Gill afirmou que a decisão de dividir o acordo, se ocorresse, também caberia à Comissão e que isso é uma praxe antiga. "Os países-membros decidiram que esse tipo de negociação seria feito coletivamente através da Comissão. Não há novidade aqui."
Von der Leyen dedicou parte de seu discurso também aos fazendeiros europeus, afirmando que "seu modo de vida será respeitado". "Estamos trabalhando nisso", completou, dando a entender que pode aumentar as salvaguardas à atividade na Europa. O setor já é o que consome a maior parte dos subsídios do continente.
Presidente do principal sindicato ruralista da Itália, Massimiliano Giansanti afirmou que a Comissão "envia uma mensagem muito preocupante a milhões de agricultores e pecuaristas em toda a Europa".
"Há anos manifestamos nossa oposição categórica a este acordo comercial ultrapassado e problemático, que só agravará a pressão econômica suportada por quem lida constantemente com preços elevados dos insumos e condições meteorológicas difíceis."

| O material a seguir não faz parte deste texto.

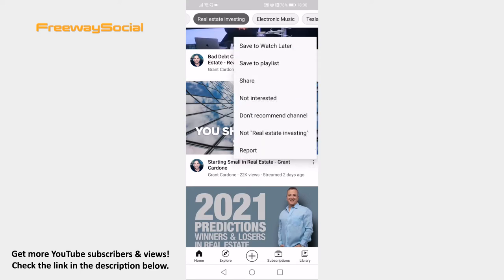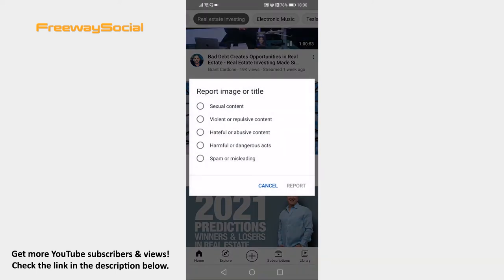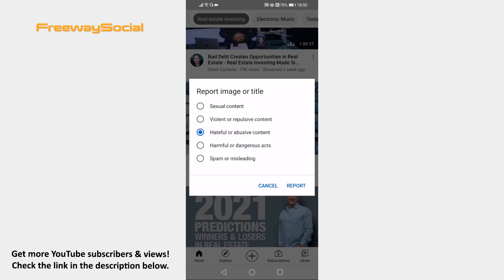Click on Report from the menu. Select one of the options explaining why this image is inappropriate — I will select 'Hateful or abusive content.' After that, click on Report at the right and this image will be reported to YouTube immediately.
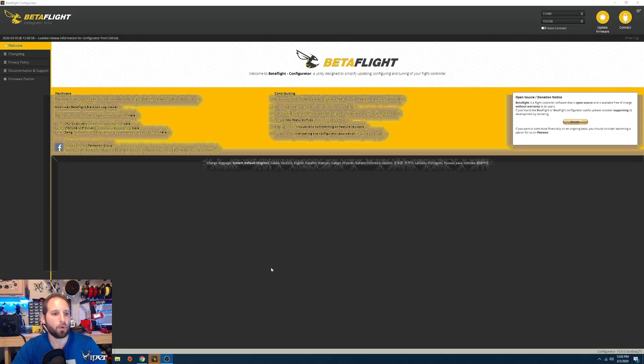I actually have the quadcopter right here. What I'm going to do is plug it into BetaFlight. Make sure if this is your first time building this quad, you have a micro USB cable and plug this in.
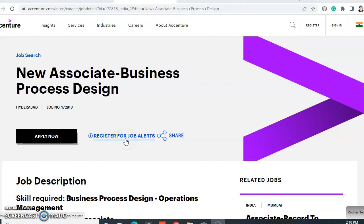Hi everyone, welcome back to Jobkar. I'm Shabana and today we will discuss a job opportunity. Before moving further, I would like to request you to subscribe to Jobkar for future updates, job-related updates, and placement preparation related videos. If you are a job seeker then you are at the right place. We upload videos on a daily basis for job recruitment and preparation. Please do like, share, and subscribe, and hit the bell icon so you never miss any update from Jobkar.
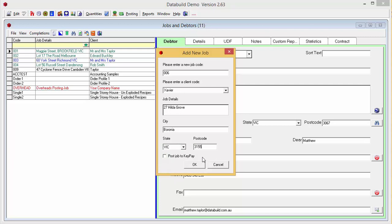Check this box if you want to post job to key pay, then OK.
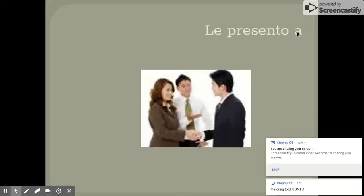Oh, where's our doorbell. Le presento a. So this one you would use if you're in more of a formal situation. If you're introducing somebody to the principal or if you're introducing somebody to another adult, you would say le presento a.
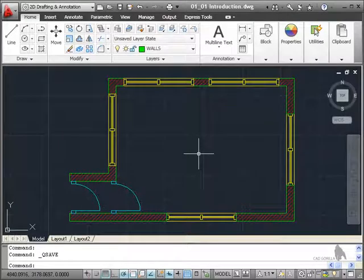Hi, my name's Sean Bryant and welcome to CAD Guerrilla's AutoCAD 2011 Essentials course.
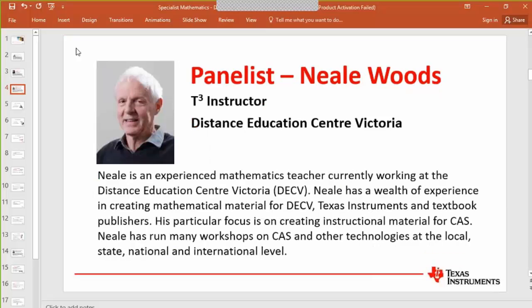Neil Woods is a very experienced senior mathematics teacher working at the Distance Education Centre in Victoria. If you have students involved through that program, it's quite likely that Neil will know them, particularly in the Specialist Mathematics area. Neil enjoys working with technologies, particularly computer algebra systems, and has contributed to textbooks and workshops at local, state, national and international levels.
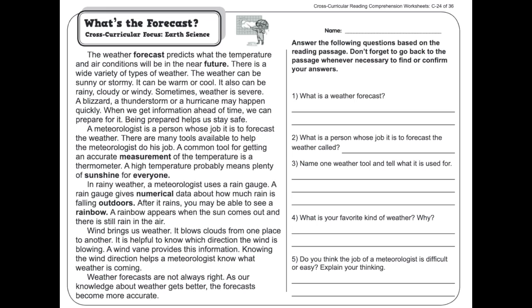After it rains, you may be able to see a rainbow. A rainbow appears when the sun comes out and there's still rain in the air. Wind brings us weather — it blows clouds from one place to another. It is helpful to know which direction the wind is blowing, and a wind vane provides this information. Knowing the wind direction helps a meteorologist know what weather is coming.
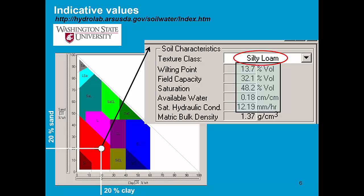From there it will identify that it is a silty loam soil and gives you indicative values for wilting point, field capacity, saturation. It calculates the total available water and the saturated hydraulic conductivity.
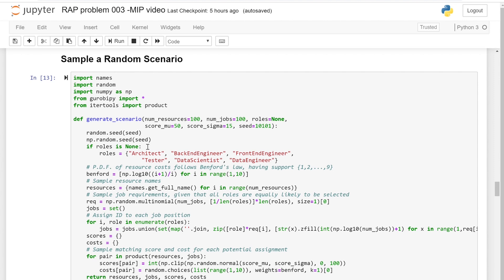This will be accessible on our website. We are using these libraries here. The first thing we are going to do is define different classes of jobs. We will have six classes: architect, backend engineer, front-end engineer, tester, data scientist, and data engineer. When we are generating these 100 jobs, we randomly choose one of these requirements to generate the type of job we want to fill.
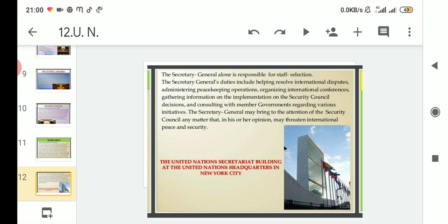To summarize, the Secretary General's duties are: number one, helps resolve international disputes; number two, administers peacekeeping operations; number three, organizes international conferences; number four, gathers information on Security Council decisions and implements them; and lastly, consults with member governments regarding various initiatives.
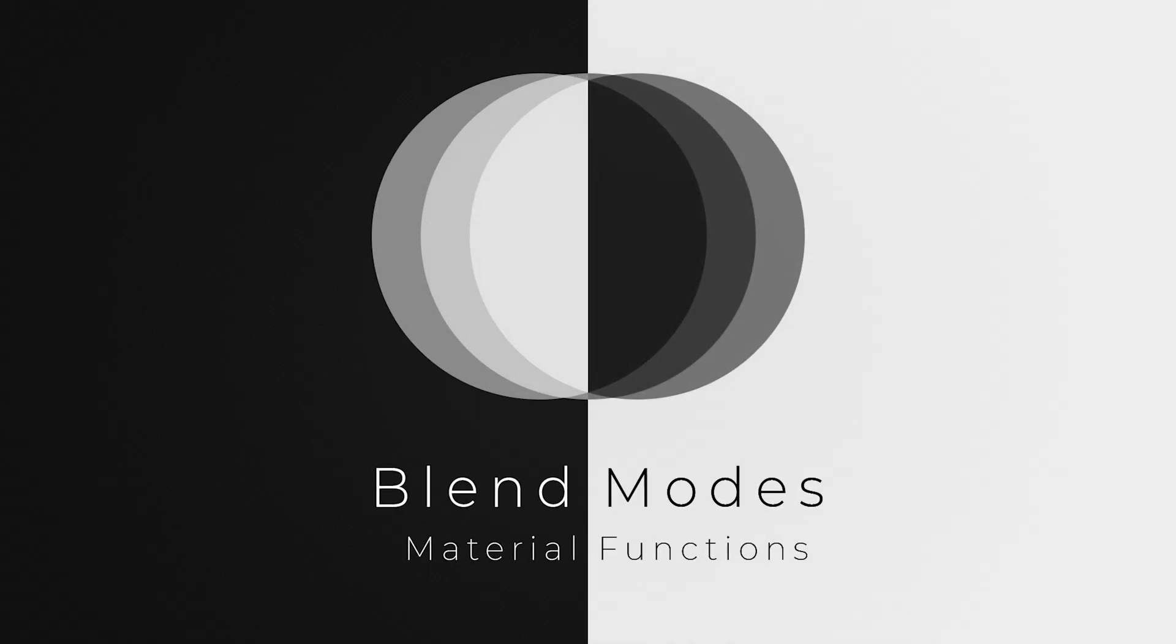This tutorial will show you how to create a dirty screen post-process effect using my Blend Modes Pack, now available on the Unreal Engine Marketplace. If you wish to purchase the Blend Modes Pack or any of my other products, you can find a link to them in the description of this video or on my website Elias-Wik.com.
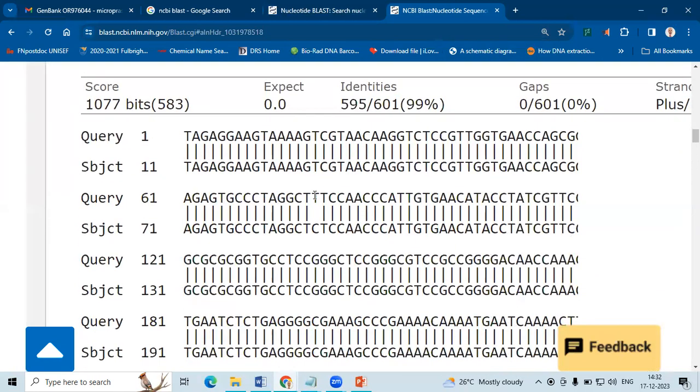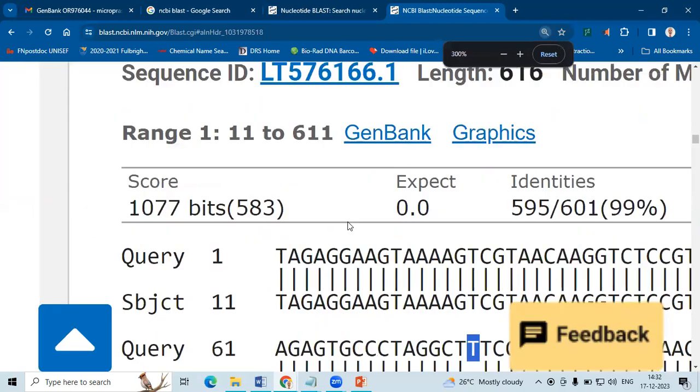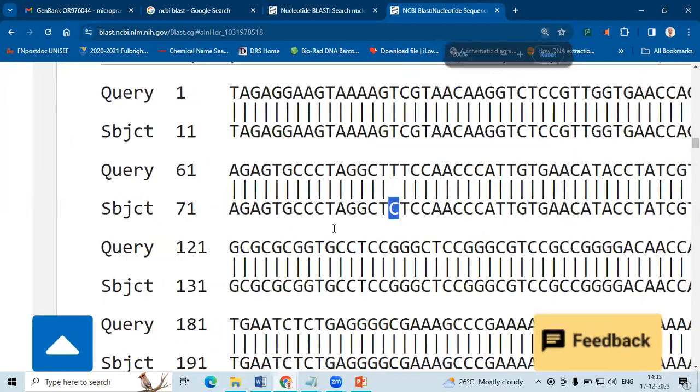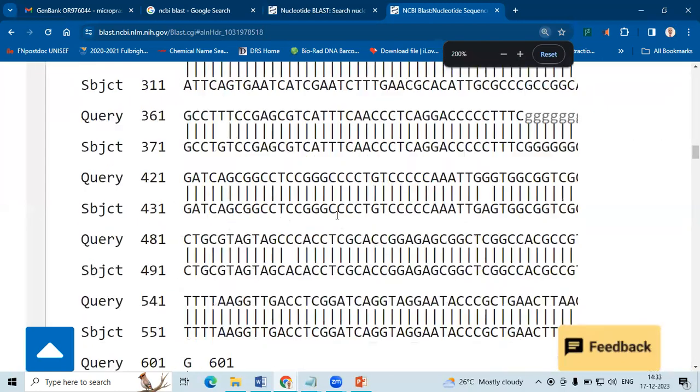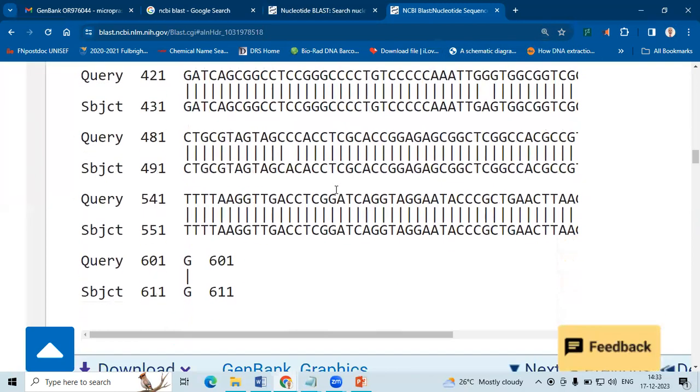Wherever you don't find a match, you will not have an alignment. So here we have C, here we have C.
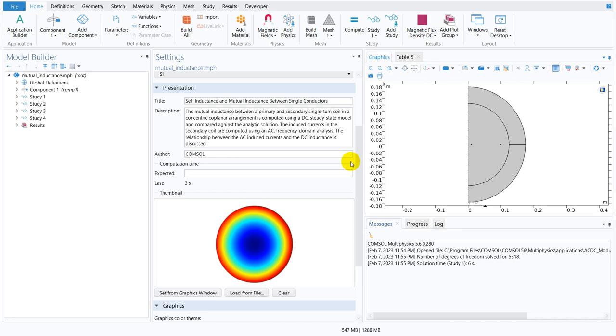Hello friends, welcome to Pioneer of Success. We are adding another video in the miscellaneous series. We have taken an example of mutual inductance which is available in the application library of COMSOL.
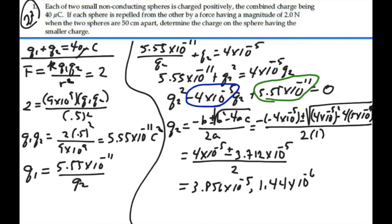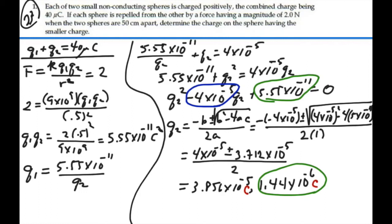These are in coulombs. We didn't specify which charge was larger or smaller, but the quadratic formula gave us both values — respectively the larger and the smaller charge. Since we're asked to find the smaller charge, we choose 1.44 times 10 to the minus 6 coulombs, or 1.44 microcoulombs. That is our answer: 1.44 microcoulombs.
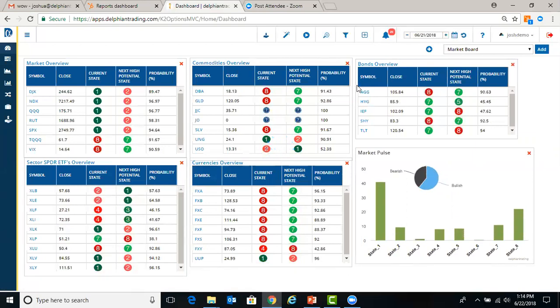Our system is an end-of-day system. So we get over a million pieces of data after the close. We upload those and process them, our state modeling screeners and the like. So that process is usually complete by 7 or 8 p.m. Eastern time.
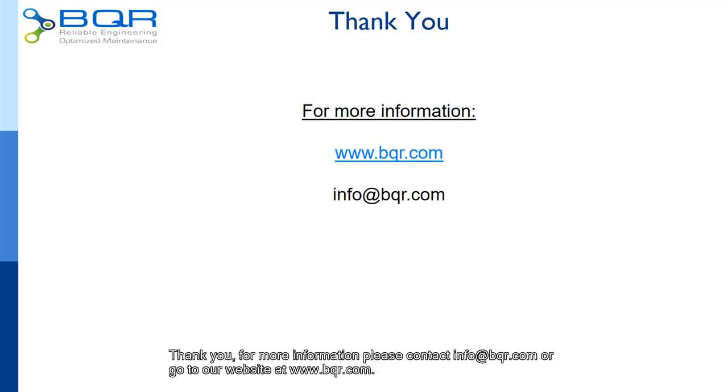For more information, please contact info@bqr.com or go to our website at www.bqr.com.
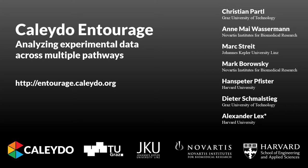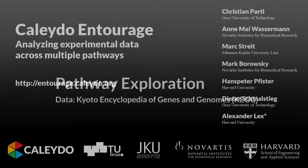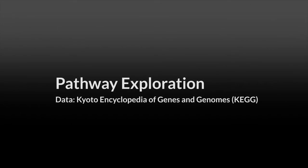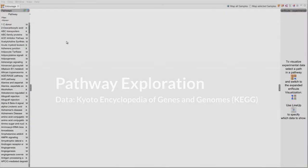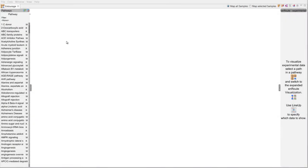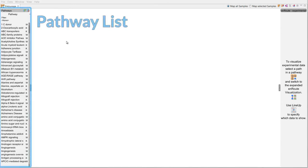Kaleido Entourage is a visual analysis tool for the exploration of relationships between multiple biological pathways and associated experimental data. To start the analysis we choose an initial pathway from a list.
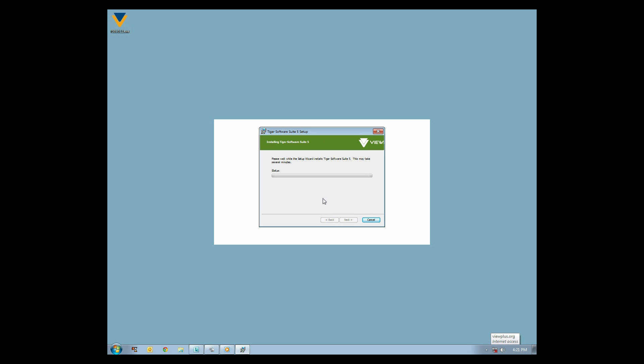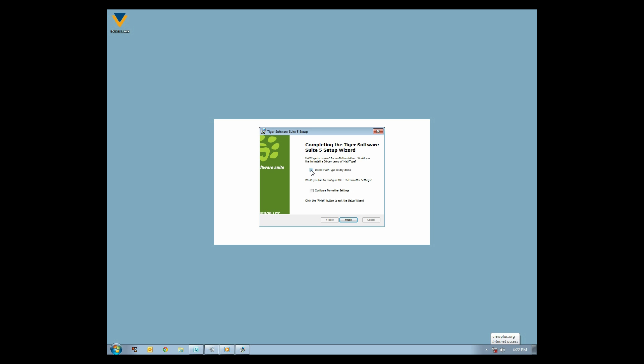When the installation is complete, you may press Enter or click Next. The next screen allows you to optionally install the MathType 30-day demo, which adds a menu to Microsoft Word, allowing you to insert translatable math equations into your document. If you have chosen to install MathType, Microsoft Word will open and display the MathType ribbon after you click Finish or press Enter.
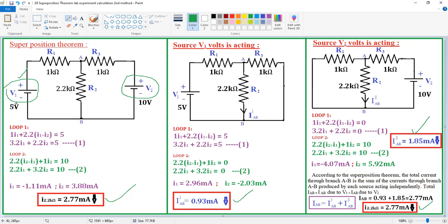Similarly, you can take different voltage values — for example, 10 V, 15 V, or 20 V — and follow the same procedure; you will get the same result. In this case with V1 = 5 V and V2 = 10 V, the direct inspection method gives 2.77 mA and the superposition technique also gives 2.77 mA. Since both methods yield the same result, the superposition theorem is verified. Thank you.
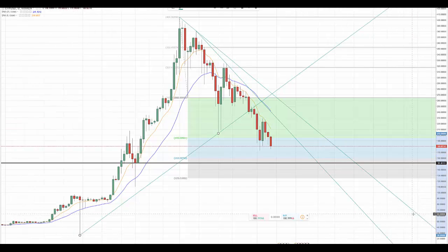Hi everybody, this is Bob Iaccino along with Mike Arnold from Path Trading Partners. It is July 16th. This is an Ethereum cryptocurrency educational update. There are three of these this weekend — one for Bitcoin, one for Litecoin, and one for Ethereum. Remember, these are educational videos. While this is fairly real-time information you're going to see on the screen and these are active patterns, they may have moved from the time that we posted this video. So Mike, it's all yours.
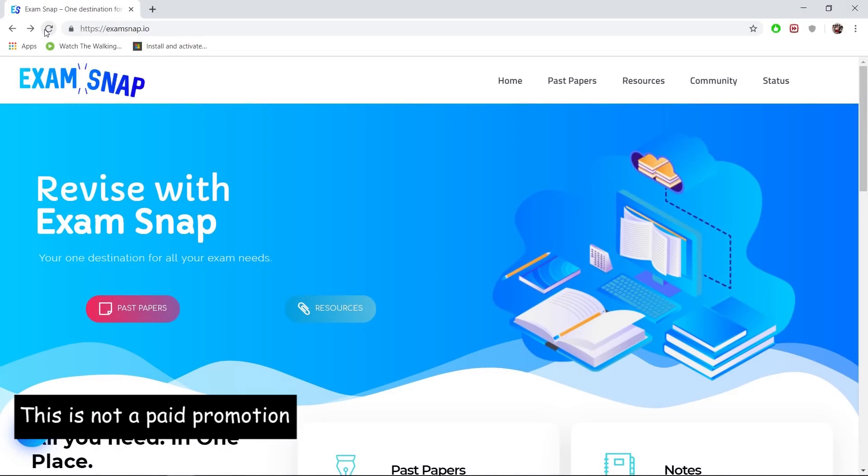This is the website itself—it's called ExamSnap. What I like about this website is that instead of following what IGCSE Center has done, they took the precaution and uploaded all this data and past papers into their own server so that we can access it 24/7.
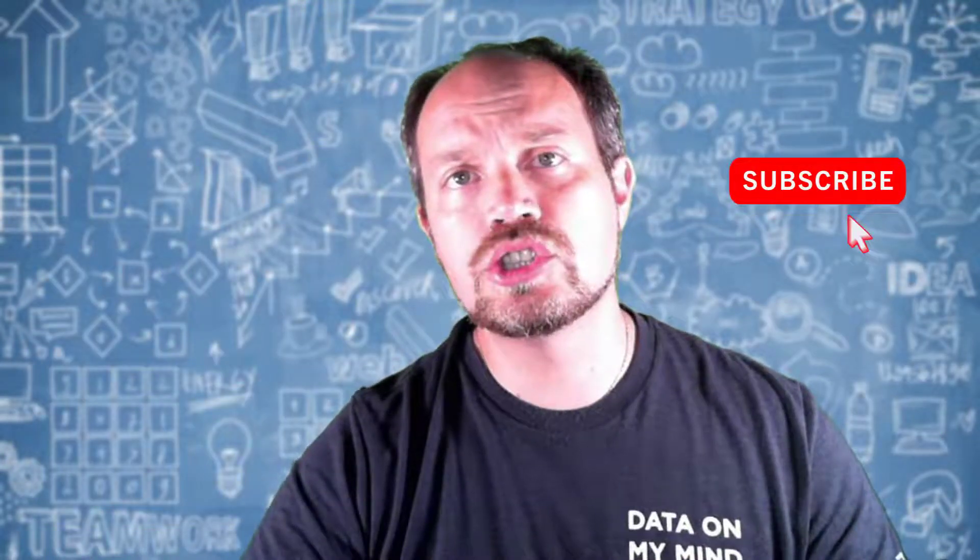So don't forget to like, share, and subscribe. And please share your comments below. And that's it.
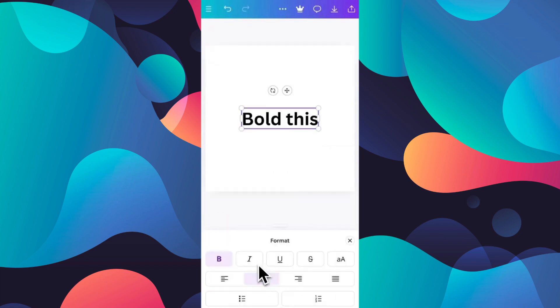You can also make it italic by clicking on the I button. If you want to reverse the bold and the italic, make sure you click on B and I one by one, and there you go.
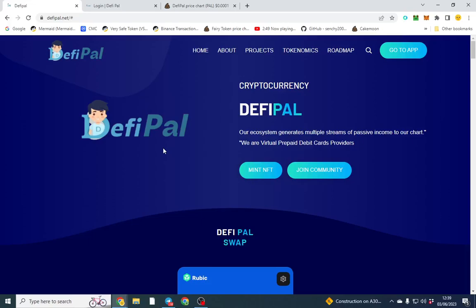Good afternoon, gentlemen. I hope you're doing well. In this video we're going to be showing you the utility around D5 Pal. The reason I'm making this video is it has some real world use case and utility which I think most people would find useful.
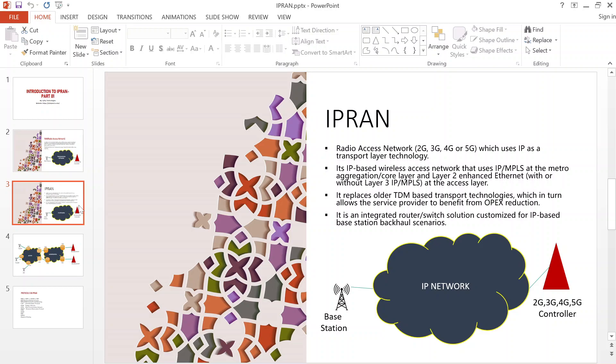IP RAN replaces TDM and SDH technologies and allows the service provider to benefit from high capacity and the flexibility of deploying different services on the same transport network. Another key benefit is OPEX reduction for service providers, because we use the same underlay network to carry 2G, 3G, 4G, 5G, and even enterprise services — we don't need different networks for different services.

Agricultores franceses, que já haviam marcado para segunda-feira (9) uma nova rodada de protestos, declararam que os atos ficarão "mais duros". As manifestações devem ocorrer também em outros países. O movimento encontra eco também nos partidos de direita e extrema direita em ascensão no continente, que usam as regulações ambientais como plataforma eleitoral.
Seriam excessivas, punindo em geral quem tem menos recursos, como os fazendeiros.
A questão agrícola seria também o motivo de a Itália sinalizar que pode compor a dissidência com a França. A premiê, Giorgia Meloni, encara porém um momento de crise econômica em seu país, que não lhe permitirá ignorar argumentos como bilhões a mais em investimentos.
Maior exportadora do continente, a Alemanha festeja o acordo e é a grande aliada de Von der Leyen na disputa. A "maior zona de livre comércio do mundo", como descreveu em título o jornal Frankfurter Allgemeine Zeitung, significa mais empregos _o comércio com o Mercosul já sustenta 855 mil postos de trabalho na Europa.
De acordo com a federação de indústrias alemãs, o tratado tem potencial de fazer o PIB do país crescer 0,15%, algo como 6 bilhões de euros, ganho considerável para uma economia estagnada há dois anos, em disputa comercial com a China e sob a ameaça do protecionismo da segunda gestão Donald Trump.
O acordo preocupa também ambientalistas. Depois que a União Europeia adiou por um ano sua lei antidesmatamento, o tratado como os países do Mercosul e sua agricultura intensiva seria um novo indicativo de que o bloco estaria trocando sua liderança global no setor por ganhos comerciais.